PS: Worth considering a three-way split too, if you want everything all at once / separated.
Small TTS models like Piper or Kokoro run fine on CPU, and for a radio context where you have even a few seconds of buffer, the latency is hidden. That frees up VRAM on your chat GPU.
Actually, that’s how I would leverage 1 GPU for everything / mix and match you CPU / GPU but ICBW
PS: Might be worth chatting to your LLM (lol) about this too (or using a cloud one). These are not general AI questions and I might be wrong :)
Yes. All you say make sense. Tts can and shall go on CPU, who cares.
It’s handling both general chat and ComfyUI the biggest point, but to be honest o don’t need them both at the same time. The point is how easy is to switch since this is an unattended server, shutting down containers might not be the easiest approach. Specially if some other family member want to use it.
I will switch screen out on the igpu, it’s unused anyway, and see if I can run one card only, but I am struggling in running almost any model on LocalAI with llama.cpp I need to dig in more time on the issue.
Adding the second Nvidia will require a new psu, the mobo has the slot, even if it’s only 16x downgraded to 4x according to Claude it will work just fine for normal inference. But I will keep it as a last resort, I don’t particularly enjoy fiddling with that bios.
In any case I want both the llm and comfy to run on GPU and not offload so CPU.
On the container stuff - can’t help much. I’m a bare metal sorta guy. Ask BruceTheMoose from above, who also posts on !selfhosted. One thing I will tell you - shunting around a GPU between containers in Linux sounds like a pain in the ass. I would be tempted to keep Comfyi and llama.cpp in one container so you don’t have to so pass thru / rebinding bullshit.

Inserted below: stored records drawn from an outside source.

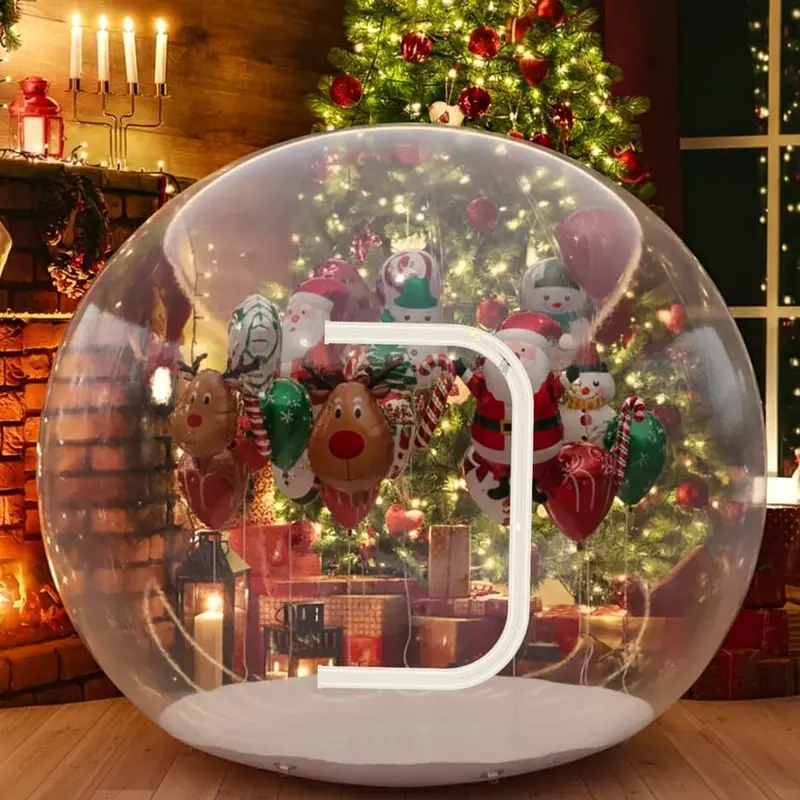 10-Foot Clear Inflatable Snow Globe Christmas Decoration Balloon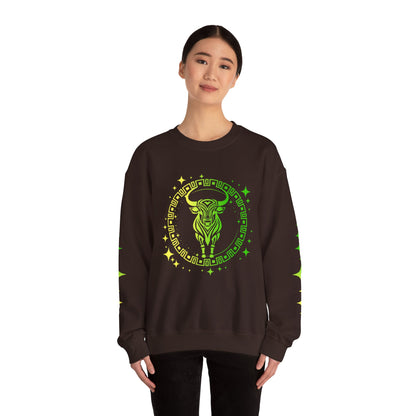 Tribal Circle Taurus Bull Sweatshirt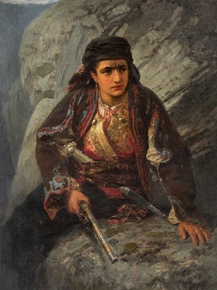 Polenov Vasily - The Herzegovinian on Lookout, 1876 | Поленов Василий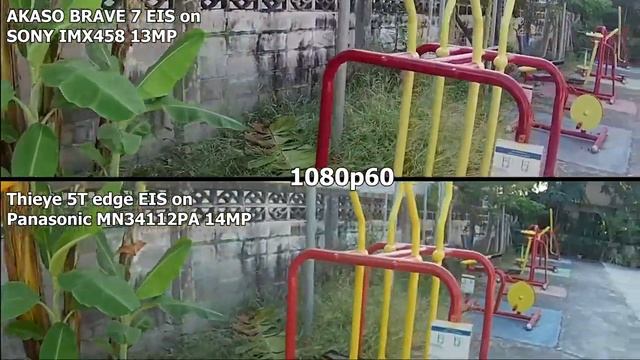 AKASO  Brave 7 vs Thieye T5 edge Action Camera Video-Photo Comparison No Talking смотреть онлайн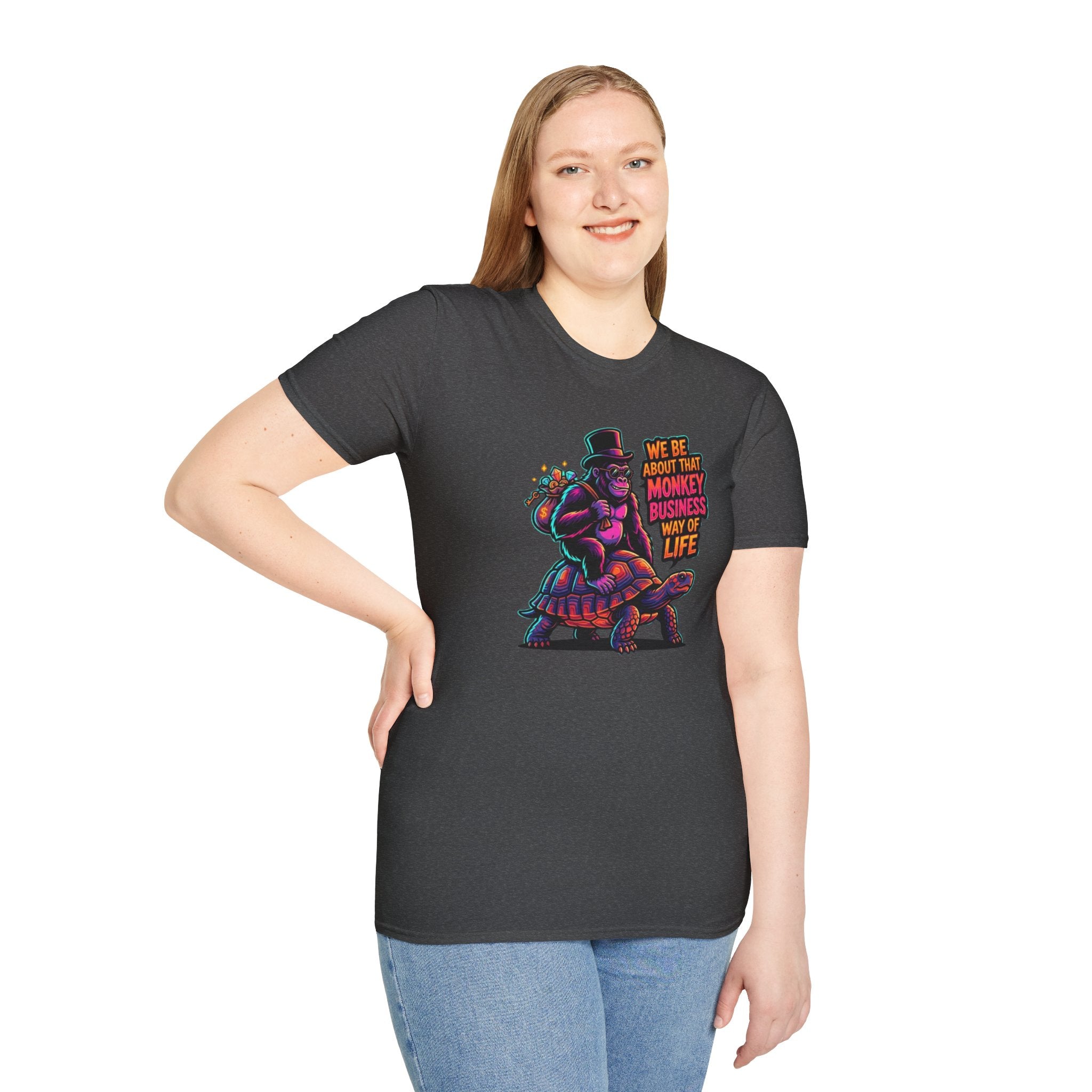 T-Shirt — 'We Be About That Monkey Business Way Of Life' Graphic Tee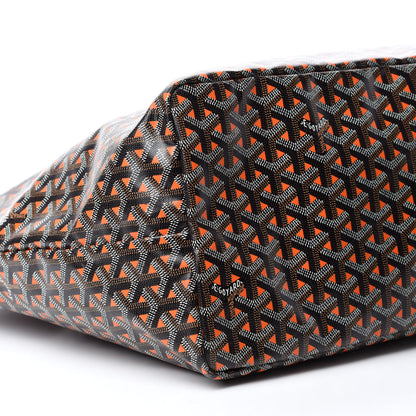 Goyard Goyardine Saint Louis Claire Voie GM Black Orange 6 of 10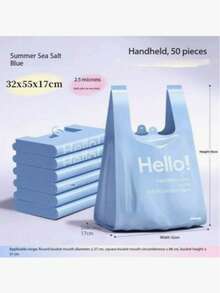 50 Túi rác dày dặn - Chống rò rỉ, chống rách, chất liệu polyethylene bền chắc, đa năng, phù hợp cho nhà bếp, phòng tắm, phòng ngủ, phòng khách, có thể dùng làm túi đựng rác, túi đựng rác nhà bếp, túi đựng rác phòng tắm. - Nhiều màu - Xem 14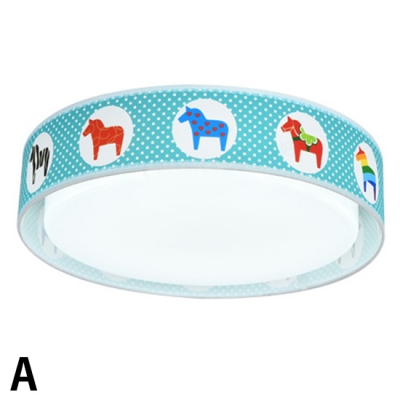 Cartoon Animal Pattern Flushmount Boys Girls Room Acrylic LED Ceiling Light in Warm/White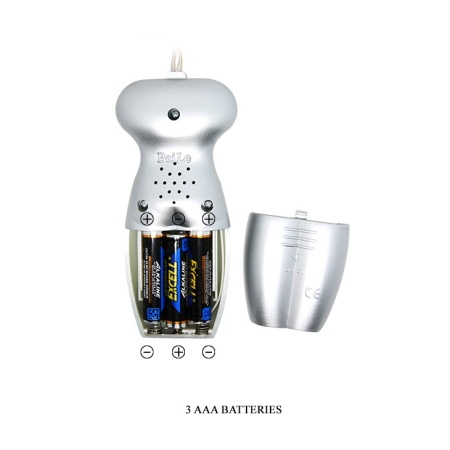 Masturbator Functions of Vibration z wibrującą kulką, 17 cm - 3
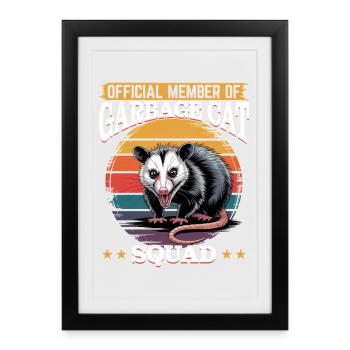 Drôle d’opossum - Affiche encadrée (27 × 37 cm) - noir - Devant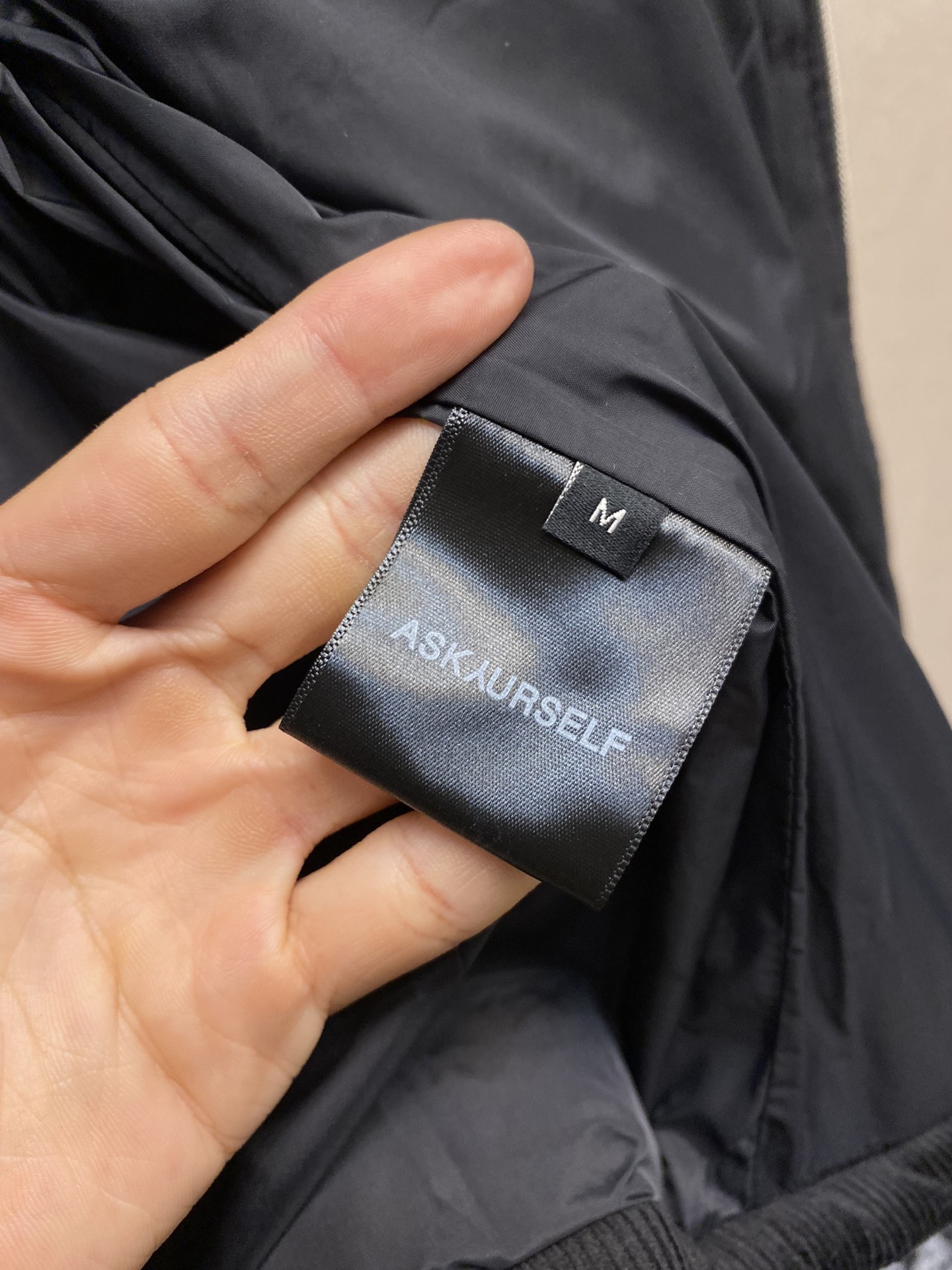 ASKYURSELF アスクユアセルフ 取り扱い店舗ｎ級品 トップス ジャケット コーデュロイコットン 厚い 暖かい アウター ブラック_5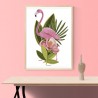 Big Flamingo Poster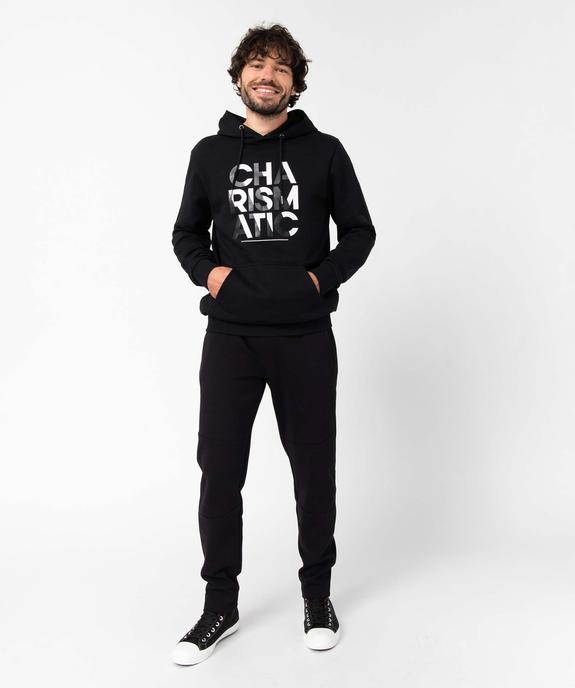 Pantalon homme en maille à poches zippées et taille élastiquée vue5 - GEMO (HOMME) - GEMO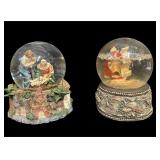 Musical Nativity & Musucal Santa Snowglobes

Ask claude for advice on LXC and CUDA pass thru here to reduce pain.
Re: second NVIDIA card - probably would yes, unless you get something like a Quadro P1000…which wouldn’t do much for you.
Re: LocalAI. I’ve never used it so can’t comment. I either use OWUI (heavy but feature rich) or the webui that’s inbuilt with llama.cpp (light, fast, but somewhat cut down).
If you’re willing to use ComfyUI, then chat (while tts stays elsewhere) then probably 1 gpu could do it. Try the Qwen 3.6 35B model I suggested - it should get you 25+ tok/s on that GPU (show Claude the YouTube video and tell it to pull the settings from the video description for you).